Quote the records below in full, exactly as given, with the images taken out.

Data excerpts:
--- START ---
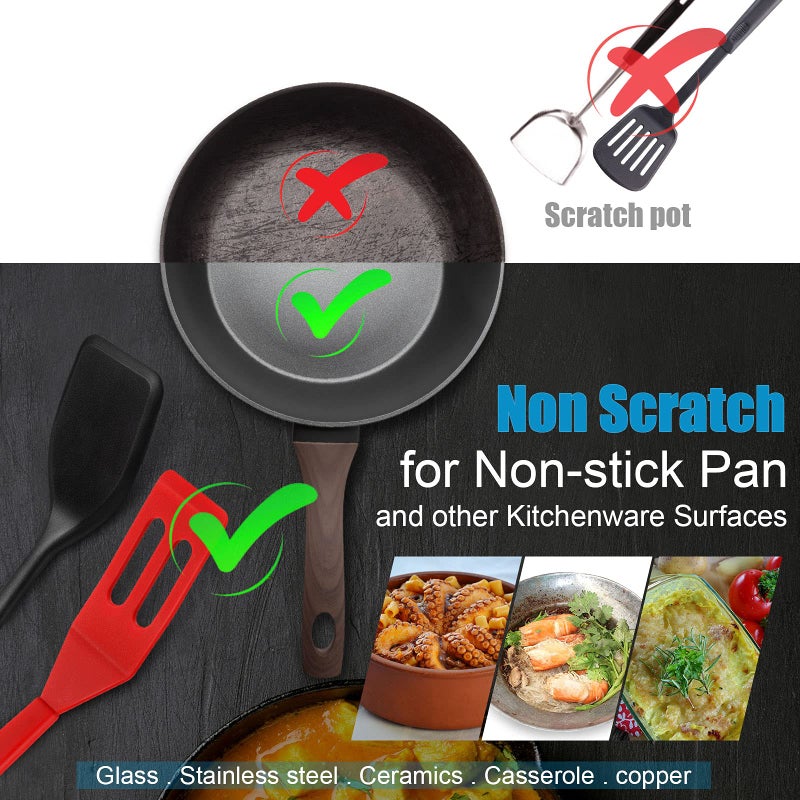 Patelai Patelai Mini Silicone Brownie Spatula Serving Spatula Flexible Nonstick Serve Turner Heat Resistant Cookie Slotted Spatula for Eggs in Small Frying Pan Cookie Batter Lemon Baked (Black  Red 2 Pieces)  - Image 3
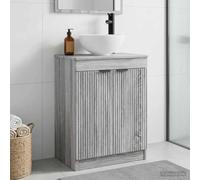 KTHLBRH Armoire de salle de bain avec lavabo Gris Sonoma 54 x 35 x 83 cm | Matériau en bois, portes battantes à 90°, étagères, système de drainage rapide, foret facile à percer, montage avec tournevis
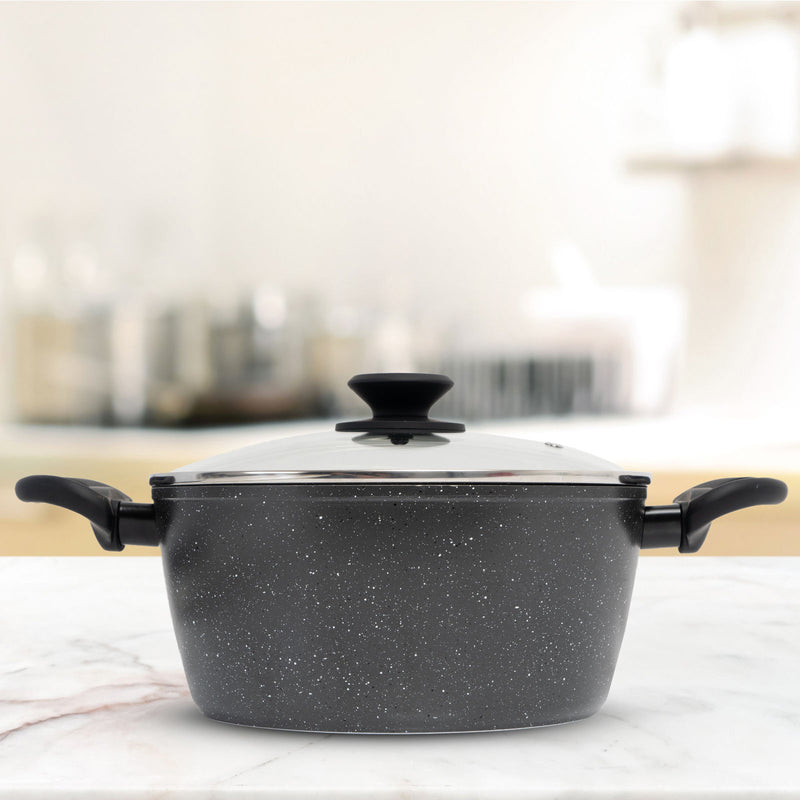 Stone Chef Forged Casserole With Lid Cookware Kitchen Black 24cm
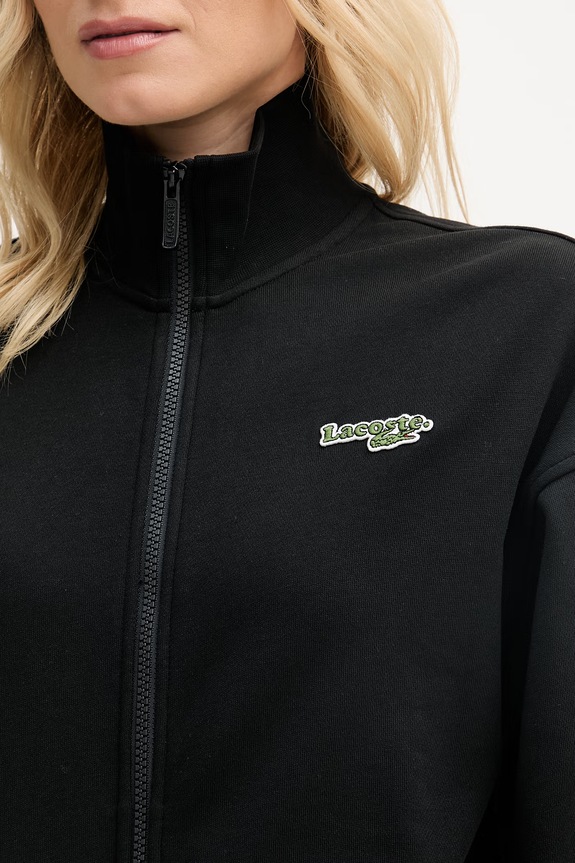 Lacoste hanorac cu fermoar damski cu bumbac SF0040 negru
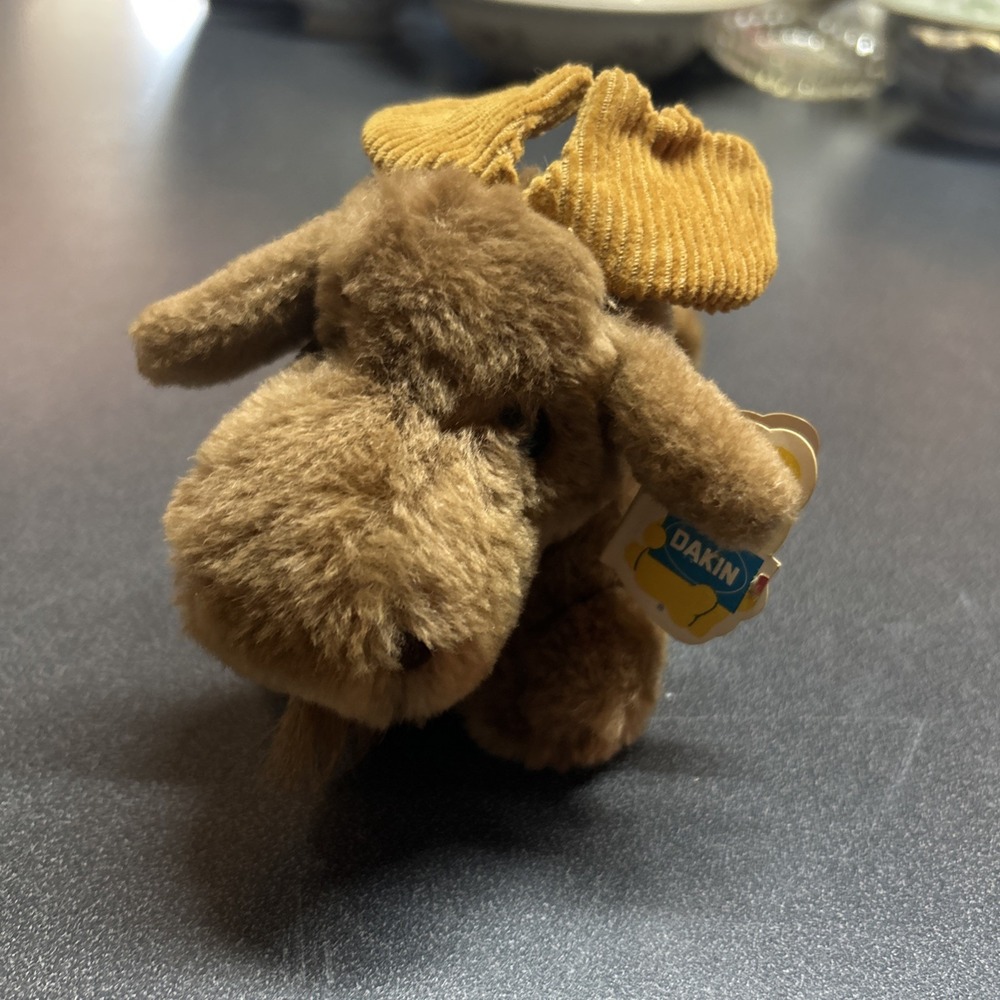 Vintage Dakin 1983 Nature Babies Moose 7" Plush Stuffed Animal Corduroy Antlers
--- END ---
**Response below**
 Patelai Patelai Mini Silicone Brownie Spatula Serving Spatula Flexible Nonstick Serve Turner Heat Resistant Cookie Slotted Spatula for Eggs in Small Frying Pan Cookie Batter Lemon Baked (Black  Red 2 Pieces)  - Image 3
 KTHLBRH Armoire de salle de bain avec lavabo Gris Sonoma 54 x 35 x 83 cm | Matériau en bois, portes battantes à 90°, étagères, système de drainage rapide, foret facile à percer, montage avec tournevis
 Stone Chef Forged Casserole With Lid Cookware Kitchen Black 24cm
 Lacoste hanorac cu fermoar damski cu bumbac SF0040 negru
 Vintage Dakin 1983 Nature Babies Moose 7" Plush Stuffed Animal Corduroy Antlers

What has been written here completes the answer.